CompTIA's second annual Big Data Insights and Opportunities study shows that executives know the value of leveraging big data but need help with managing the complexity and overcoming the skills gap, pointing to an opportunity for MSPs.
CompTIA Market Intelligence Vice President Tim Herbert says as big data evolves, businesses of all sizes will explore how to best leverage it.
Nearly eight in ten executives say they need better real-time analytics and improvement in converting data into actionable intelligence, according to a new report from IT industry association CompTIA. The news comes at a time when managing and leveraging big data has grown more complex, and it showcases an opportunity for analytics-minded managed services providers (MSPs) to fill the gap.
The report is CompTIA's second annual Big Data Insights and Opportunities study. This year's results also showed that six in ten respondents said they need to boost employee skill levels on the technical or business side of data management and analysis.
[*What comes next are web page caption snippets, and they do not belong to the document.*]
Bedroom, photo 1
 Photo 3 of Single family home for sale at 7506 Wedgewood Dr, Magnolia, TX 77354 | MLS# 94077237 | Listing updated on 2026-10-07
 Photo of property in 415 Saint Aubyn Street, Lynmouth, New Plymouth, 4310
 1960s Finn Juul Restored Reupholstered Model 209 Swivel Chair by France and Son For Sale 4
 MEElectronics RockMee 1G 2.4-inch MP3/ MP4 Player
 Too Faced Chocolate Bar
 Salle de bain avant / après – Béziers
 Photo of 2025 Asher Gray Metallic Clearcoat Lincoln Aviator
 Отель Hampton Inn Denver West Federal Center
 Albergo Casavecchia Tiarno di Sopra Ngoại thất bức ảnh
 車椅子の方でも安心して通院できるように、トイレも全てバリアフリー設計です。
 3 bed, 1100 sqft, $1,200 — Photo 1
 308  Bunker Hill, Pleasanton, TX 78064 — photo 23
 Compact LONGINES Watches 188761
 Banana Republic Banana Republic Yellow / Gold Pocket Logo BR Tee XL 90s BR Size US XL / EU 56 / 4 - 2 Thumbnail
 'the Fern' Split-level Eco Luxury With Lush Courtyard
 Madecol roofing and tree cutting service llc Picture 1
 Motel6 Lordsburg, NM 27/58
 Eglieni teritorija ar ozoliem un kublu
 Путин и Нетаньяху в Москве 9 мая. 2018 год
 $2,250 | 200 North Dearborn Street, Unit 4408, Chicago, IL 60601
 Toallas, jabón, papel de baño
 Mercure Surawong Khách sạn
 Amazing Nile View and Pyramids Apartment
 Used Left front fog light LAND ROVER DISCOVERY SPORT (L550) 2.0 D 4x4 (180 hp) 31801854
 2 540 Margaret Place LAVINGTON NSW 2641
Additionally, 66 percent of firms plan to invest in training for current employees, while 43 percent have an intent to hire new workers within a data-specific expertise.
CompTIA Market Intelligence Vice President Tim Herbert said in a prepared statement that as big data evolves, businesses of all sizes will analyze ways to leverage the most out of their data.
"As executives across the organization drive data initiatives, new roles may emerge that incorporate elements of IT, business analyst, researcher and behavioral economist," Herbert said.
The report also noted that nearly one in three channel partners are already providing big data application deployment or integration services, and, over the next 12 months, an additional 14 percent expect to offer big data consulting or advisory services.
How can MSPs take advantage of this expanding opportunity? The IT research firm said top strategies include investing in technical training; investigating partner programs and/or aligning with big data vendors; hiring staff with big data expertise; and looking for partnership opportunities.
To sum the report up with a simple sentence: If you're not offering big data-related services, you may be falling behind the rest of the pack -- but you probably still have time to catch up..
The research for the report was conducted in two parts. End user data was collected via an online survey in June 2013 among 500 U.S. business and IT executives responsible for technical or strategic decisions affecting data at their companies. Channel data was collected via an online survey in April 2013 of 500 executives at U.S. IT firms, with most having some level of involvement in the IT channel.